(Input material begins)

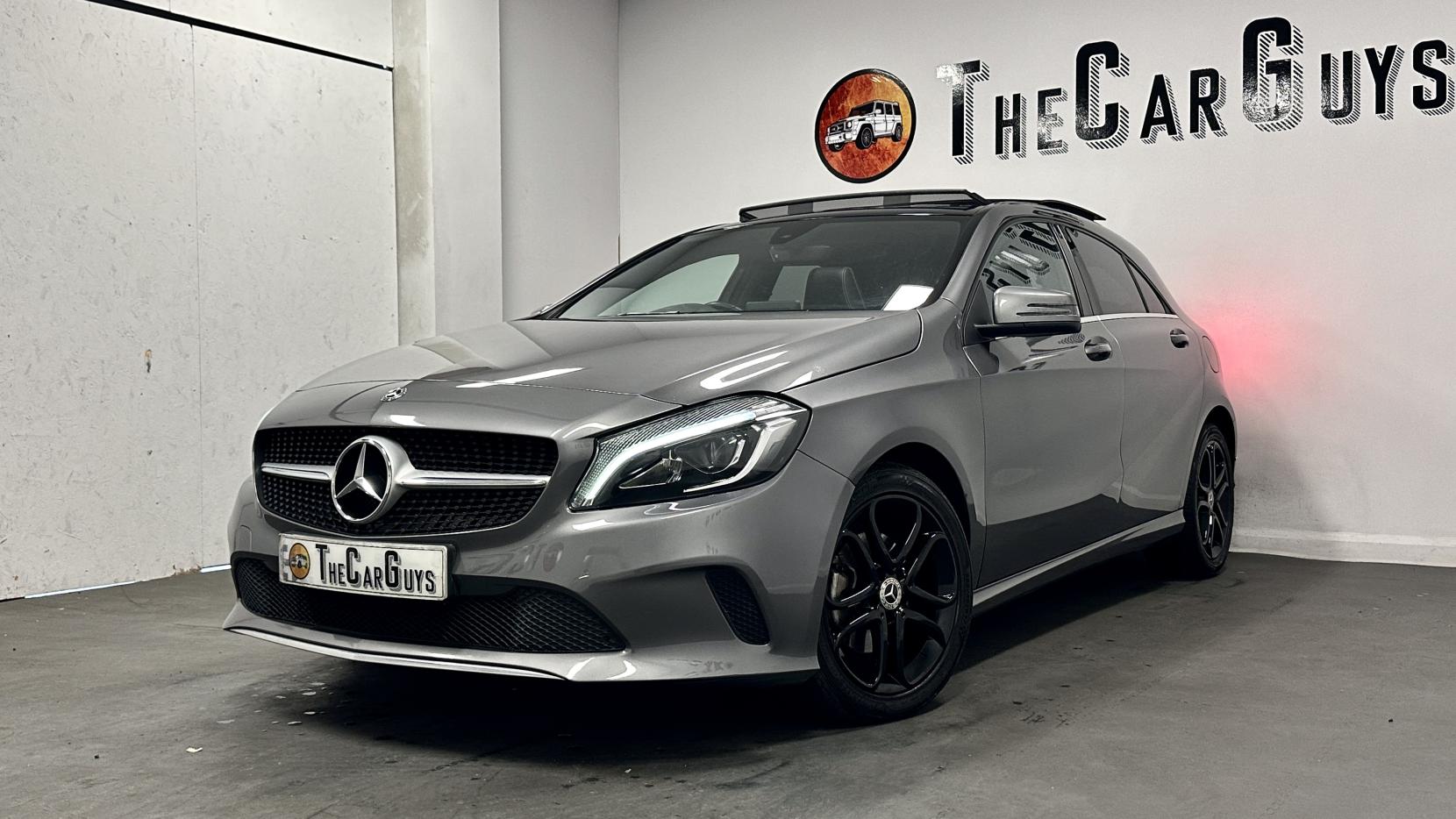 Mercedes-Benz A Class 1.6 A200 Sport Edition Plus Hatchback 5dr Petrol Manual Euro 6 (s/s) (156 ps)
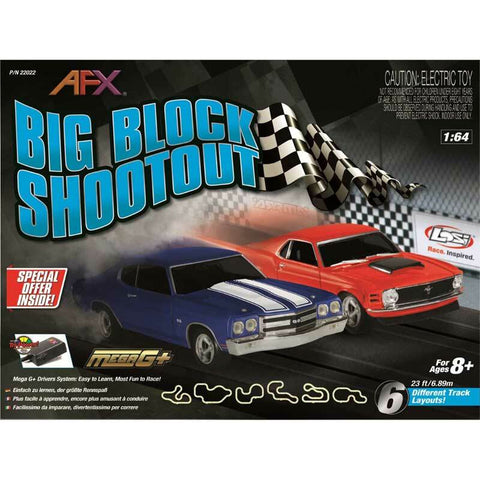 AFX BIG BLOCK SHOOTOUT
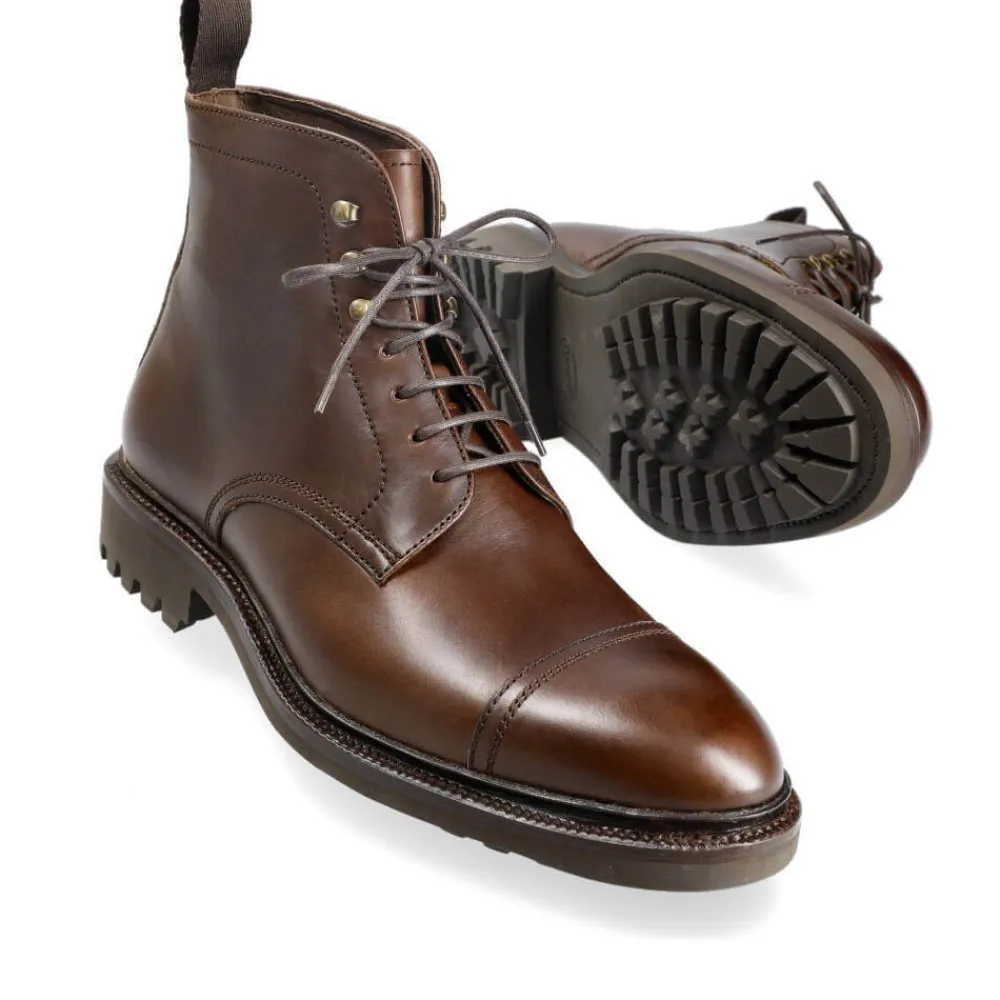 CHROMEXCEL BOOTS 80179 SOLLER COMANDO SOLE | Carmina Best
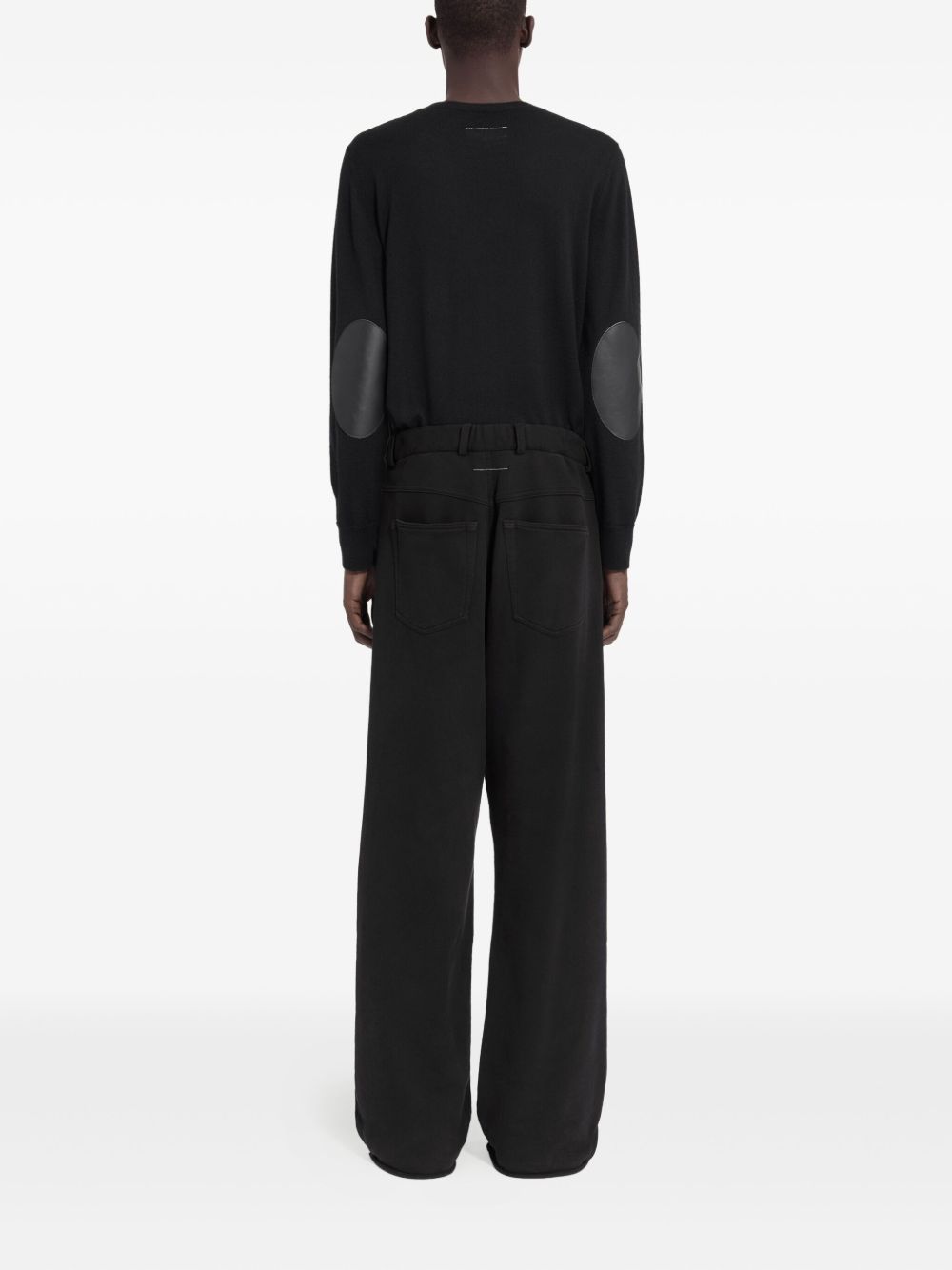 MM6 Maison Margiela Trousers Black MM6 Maison Margiela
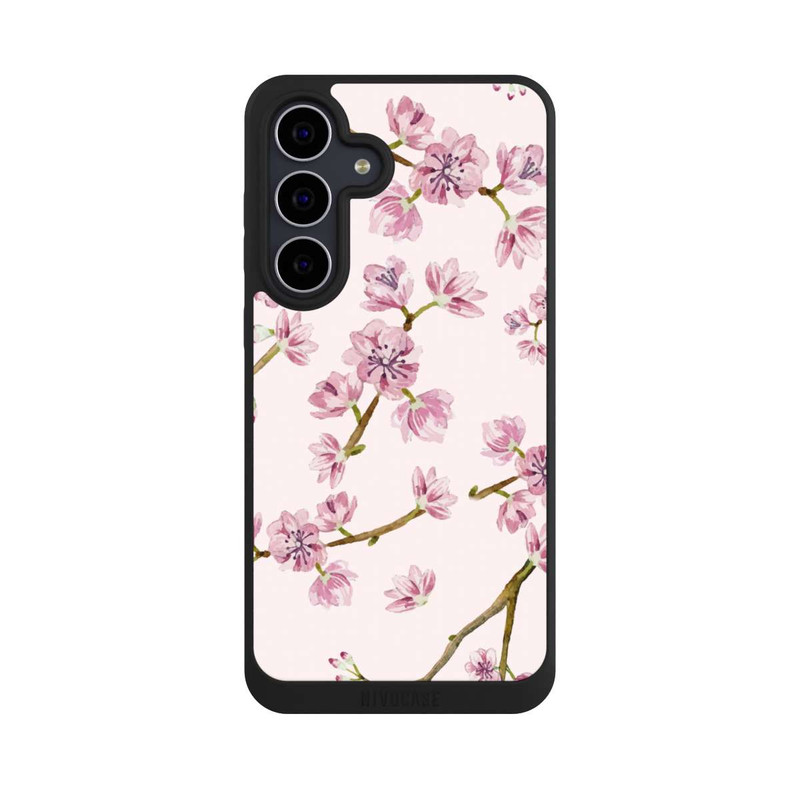 Galaxy S25 FE NIVOpure Fleurs de Cerisier Rose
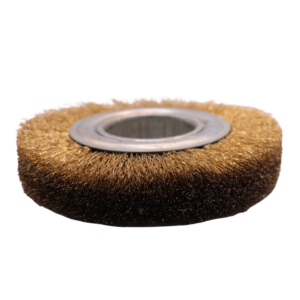 ESCOVA CIRCULAR - AÇO LATONADO - 6X1" (150x25mm) - Imagem 4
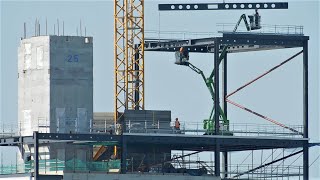 Timelapse Construction at 103 Colmore Row June 2020 [upl. by Jessey664]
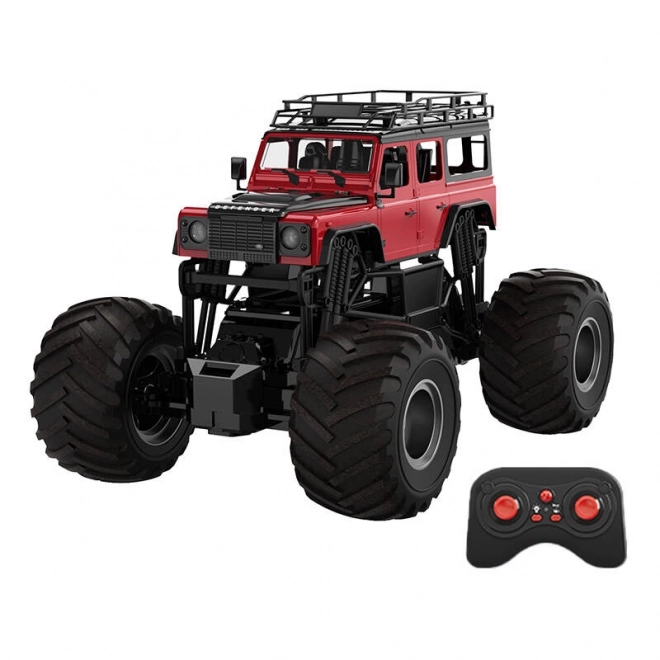 Daljinski upravljani auto RC u mjerilu 1:8 Double Eagle Land Rover Defender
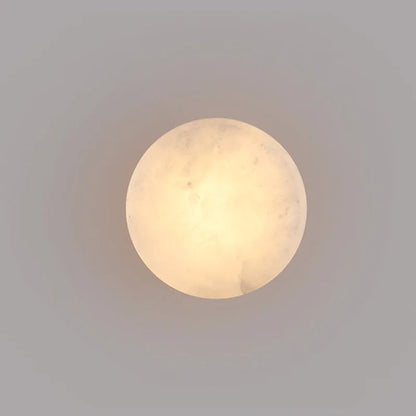 Marmeren Wandlamp met LED Verlichting – Minimalistisch Zwart Muurlamp voor Hal, Slaapkamer en Woonkamer 8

(Input material ends)

Exercise description
Reproduce all of the data exactly, omitting each picture it holds.

Solution
 Mercedes-Benz A Class 1.6 A200 Sport Edition Plus Hatchback 5dr Petrol Manual Euro 6 (s/s) (156 ps)
 AFX BIG BLOCK SHOOTOUT
 CHROMEXCEL BOOTS 80179 SOLLER COMANDO SOLE | Carmina Best
 MM6 Maison Margiela Trousers Black MM6 Maison Margiela
 Galaxy S25 FE NIVOpure Fleurs de Cerisier Rose
 ESCOVA CIRCULAR - AÇO LATONADO - 6X1" (150x25mm) - Imagem 4
 Timelapse Construction at 103 Colmore Row June 2020 [upl. by Jessey664]
 Daljinski upravljani auto RC u mjerilu 1:8 Double Eagle Land Rover Defender
 Marmeren Wandlamp met LED Verlichting – Minimalistisch Zwart Muurlamp voor Hal, Slaapkamer en Woonkamer 8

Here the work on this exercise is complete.